All that is wrong with Intelectual Property laws

This year’s Nobel prize for physics went to Andre Geim for the development of a process for creating a sheet of graphene 1 atom thick which has useful electrical and physical properties. 1 Apparently Geim approached an electronics manufacturer about his discovery and whether his company would be willing to sponsor their patent for the next 20 years.  Here’s the guy’s direct quote:

We are looking at graphene, and it might have a future in the long term. If after ten years we find it’s really as good as it promises, we will put a hundred patent lawyers on it to write a hundred patents a day, and you will spend the rest of your life, and the gross domestic product of your little island, suing us.

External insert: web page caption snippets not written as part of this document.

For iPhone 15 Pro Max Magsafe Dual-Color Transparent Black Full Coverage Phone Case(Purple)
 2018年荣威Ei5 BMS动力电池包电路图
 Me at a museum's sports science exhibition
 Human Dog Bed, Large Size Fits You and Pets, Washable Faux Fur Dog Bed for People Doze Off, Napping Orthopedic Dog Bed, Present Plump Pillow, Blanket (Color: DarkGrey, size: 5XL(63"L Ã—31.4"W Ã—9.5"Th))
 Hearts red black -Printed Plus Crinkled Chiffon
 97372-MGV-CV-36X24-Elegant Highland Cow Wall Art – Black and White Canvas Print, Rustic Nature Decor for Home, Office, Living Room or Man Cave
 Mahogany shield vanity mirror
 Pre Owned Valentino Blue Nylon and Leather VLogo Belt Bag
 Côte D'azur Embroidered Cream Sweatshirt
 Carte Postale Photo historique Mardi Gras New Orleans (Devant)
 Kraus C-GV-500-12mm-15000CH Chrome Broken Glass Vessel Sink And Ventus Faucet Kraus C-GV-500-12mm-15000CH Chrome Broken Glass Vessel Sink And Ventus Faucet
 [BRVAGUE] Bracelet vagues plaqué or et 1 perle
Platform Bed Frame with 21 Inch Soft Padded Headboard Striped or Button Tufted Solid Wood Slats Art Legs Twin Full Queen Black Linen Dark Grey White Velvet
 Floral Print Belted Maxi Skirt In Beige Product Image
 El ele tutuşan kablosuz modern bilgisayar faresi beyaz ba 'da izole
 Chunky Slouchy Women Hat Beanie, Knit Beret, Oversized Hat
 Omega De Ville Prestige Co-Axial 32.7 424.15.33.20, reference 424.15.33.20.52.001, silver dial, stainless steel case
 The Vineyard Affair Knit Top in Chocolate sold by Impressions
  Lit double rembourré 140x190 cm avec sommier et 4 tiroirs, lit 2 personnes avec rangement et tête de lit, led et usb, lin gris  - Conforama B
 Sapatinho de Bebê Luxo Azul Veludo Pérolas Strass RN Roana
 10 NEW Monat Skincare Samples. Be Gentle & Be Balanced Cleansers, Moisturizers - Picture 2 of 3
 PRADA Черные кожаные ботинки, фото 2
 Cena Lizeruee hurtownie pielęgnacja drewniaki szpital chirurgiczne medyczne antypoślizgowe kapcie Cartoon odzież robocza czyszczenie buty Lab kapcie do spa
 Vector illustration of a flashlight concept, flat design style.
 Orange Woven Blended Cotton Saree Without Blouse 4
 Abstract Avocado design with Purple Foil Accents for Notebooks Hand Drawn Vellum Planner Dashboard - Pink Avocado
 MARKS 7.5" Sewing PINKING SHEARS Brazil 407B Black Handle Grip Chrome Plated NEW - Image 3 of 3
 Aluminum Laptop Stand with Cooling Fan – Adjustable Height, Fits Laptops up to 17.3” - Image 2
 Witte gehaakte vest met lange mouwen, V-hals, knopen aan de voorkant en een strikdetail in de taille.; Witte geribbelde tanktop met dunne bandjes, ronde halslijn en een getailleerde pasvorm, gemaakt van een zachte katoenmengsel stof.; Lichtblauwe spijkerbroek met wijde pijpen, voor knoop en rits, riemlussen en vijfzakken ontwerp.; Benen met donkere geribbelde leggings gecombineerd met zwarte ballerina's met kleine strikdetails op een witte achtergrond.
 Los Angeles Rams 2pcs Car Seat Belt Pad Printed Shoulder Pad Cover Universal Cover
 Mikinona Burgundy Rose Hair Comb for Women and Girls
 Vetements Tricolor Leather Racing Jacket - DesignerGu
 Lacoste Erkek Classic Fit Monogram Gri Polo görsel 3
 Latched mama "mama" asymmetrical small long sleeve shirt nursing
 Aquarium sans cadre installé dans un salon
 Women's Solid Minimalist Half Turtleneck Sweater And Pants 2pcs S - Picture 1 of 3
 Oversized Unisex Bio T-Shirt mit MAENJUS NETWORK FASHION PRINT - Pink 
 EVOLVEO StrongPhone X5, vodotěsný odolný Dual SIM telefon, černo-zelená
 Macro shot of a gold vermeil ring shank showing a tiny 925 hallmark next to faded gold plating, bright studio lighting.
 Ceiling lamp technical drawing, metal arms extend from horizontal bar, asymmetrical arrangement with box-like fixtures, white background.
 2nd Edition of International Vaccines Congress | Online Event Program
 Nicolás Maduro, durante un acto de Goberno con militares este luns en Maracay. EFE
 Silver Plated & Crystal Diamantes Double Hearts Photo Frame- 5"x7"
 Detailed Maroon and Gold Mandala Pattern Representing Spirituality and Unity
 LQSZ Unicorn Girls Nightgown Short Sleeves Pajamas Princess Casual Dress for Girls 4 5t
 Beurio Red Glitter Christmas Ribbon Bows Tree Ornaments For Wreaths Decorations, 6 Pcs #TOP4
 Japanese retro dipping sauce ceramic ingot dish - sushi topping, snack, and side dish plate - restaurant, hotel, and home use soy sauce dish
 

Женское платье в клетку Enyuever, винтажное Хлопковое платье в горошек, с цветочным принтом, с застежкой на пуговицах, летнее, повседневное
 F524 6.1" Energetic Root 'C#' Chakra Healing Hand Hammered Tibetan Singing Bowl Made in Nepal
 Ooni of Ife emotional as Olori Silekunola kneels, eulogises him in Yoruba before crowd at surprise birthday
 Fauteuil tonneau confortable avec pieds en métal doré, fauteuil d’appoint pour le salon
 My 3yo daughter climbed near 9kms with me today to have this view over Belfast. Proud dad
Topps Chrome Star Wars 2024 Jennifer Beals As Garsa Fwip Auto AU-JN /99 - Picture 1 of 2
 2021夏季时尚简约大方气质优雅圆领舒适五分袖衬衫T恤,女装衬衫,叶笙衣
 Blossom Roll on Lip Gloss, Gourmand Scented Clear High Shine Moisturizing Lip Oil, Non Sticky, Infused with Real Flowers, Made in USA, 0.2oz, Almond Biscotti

That guy just epitomizes all that is wrong with intellectual property laws.  Believe it or not, most lawyers aren’t all that bad.  They’re basically tools, robots, if you will, when you think about it.  You tell them what you want and they go about trying to make it happen.  It’s not all that different than using a computer to do something for you.  You don’t care about all the zeroes and ones that change hands, you’re just happy that Facebook now reflects that you like puppies who think they’re people. 2

Someone approaches you because they think you might like their idea and you respond with:

I will sue you.  I will sue you until your life is nothing but a smoking crater.  I will personally see to it that everything you have ever loved or that has ever loved you is burned.  The very earth under each of your footsteps since birth shall be salted so that every living thing on this planet will know in their bones that you have lead a cursed life.  Your words will be twisted by soulless ghouls until even your own memory betrays you.  And, after all of that, you will look upon today and this moment as the least painful thing you have ever experienced.3

Why not just say, “Oh, no thank you.”

I mean, maybe we’re only getting half the story.  Maybe Geim just said something about this guy’s wife.    Maybe Geim said he was going to sue this guy.  Maybe Geim is a mean drunk.  But I tend to doubt it.

As much as I love open source projects, I also think intellectual property laws can be a very good thing.  If you have a great idea, why not get paid for it?  That said, I’m in favor of very short terms for copyright and patents.  Let a big company make a huge breakthrough – and let us, the guys in the garages, take it farther once the patents are up.  That certainly happened with Stratsys’s patent on FDM.

Profit and compensation are not bad things.  Intellectual property laws allow people to devote themselves to great ideas, advancing science and understanding.  They also allow people to make a living based on the quality of their ideas, rather than the quantity of their ideas.  This is to be encouraged.  But, ,making terms too long allow for crazy abuse scenarios – and incentivizes jerks who are willing to hire a hundred automatons to file a hundred patents and tie up a scientist in a nightmarish litigation hell for the rest of his life.

</rant>

  1. Thanks Slashdot []
  2. What do you mean you don’t?  What kind of monster are you?!? []
  3. How’s that for a scary Halloween story? []

2 thoughts on “All that is wrong with Intelectual Property laws

  1. The part of the system that is broken are the big multinational companies attitudes towards individual inventors. It is easy to make it prohibitively expensive to enforce patents against them. Unless the independent inventor is independently wealthy and wants to take a huge risk, they will have a hard time paying for enforcement of the already expensive patent.

    If Geim ended up obtaining a patent and wanted to assert the patent, as a non-practicing entity, against big multinational company. Big multinational company may contemplate settling for around what it would cost to defend the suit, but if Geim was asking more, it is likely big multinational company would indeed put as much resources necessary towards defeating the patent.

    Luis, I saw your post on the group too – very interesting topic – I want to update the paper referenced at the end of the discussion for the United States with a focus on the pitfalls that one can encounter duplicating a product and posting design files (copyright, trademark and patent, and how to attempt to do it while avoiding those pitfalls – without any guarantees) when I have time … but my lawyer superiors have me churning away on making patent type things happen for others.